DATA EXTRACT:
============
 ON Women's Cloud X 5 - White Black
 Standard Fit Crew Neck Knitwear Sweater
============
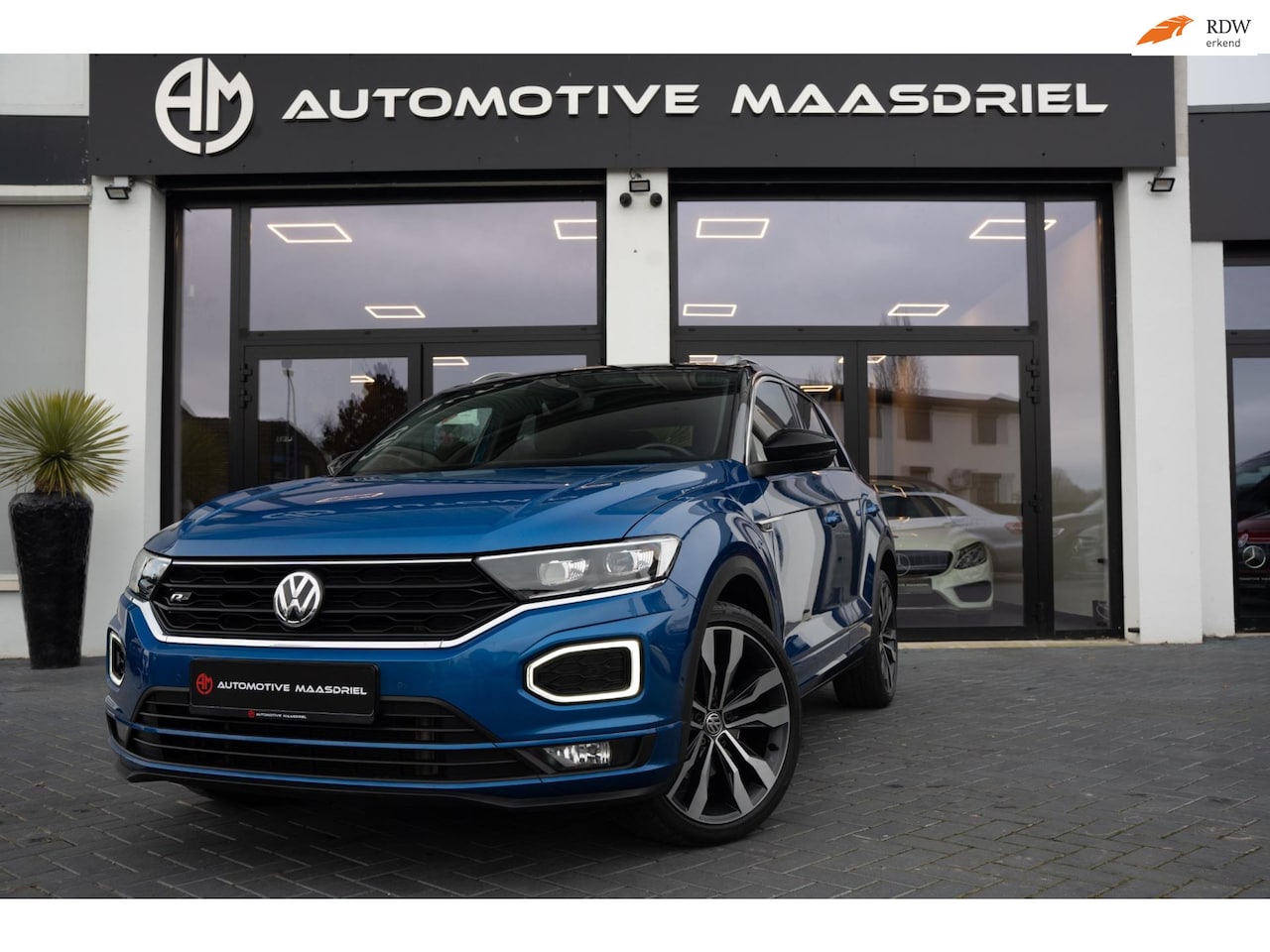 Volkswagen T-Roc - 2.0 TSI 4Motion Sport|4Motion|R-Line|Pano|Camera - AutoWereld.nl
============
Working from the material above, restate word for word the lines between the line with "ON Women's Cloud X 5 - White Black" and the line with "Standard Fit Crew Neck Knitwear Sweater", both included, and only those.

 ON Women's Cloud X 5 - White Black
 Standard Fit Crew Neck Knitwear Sweater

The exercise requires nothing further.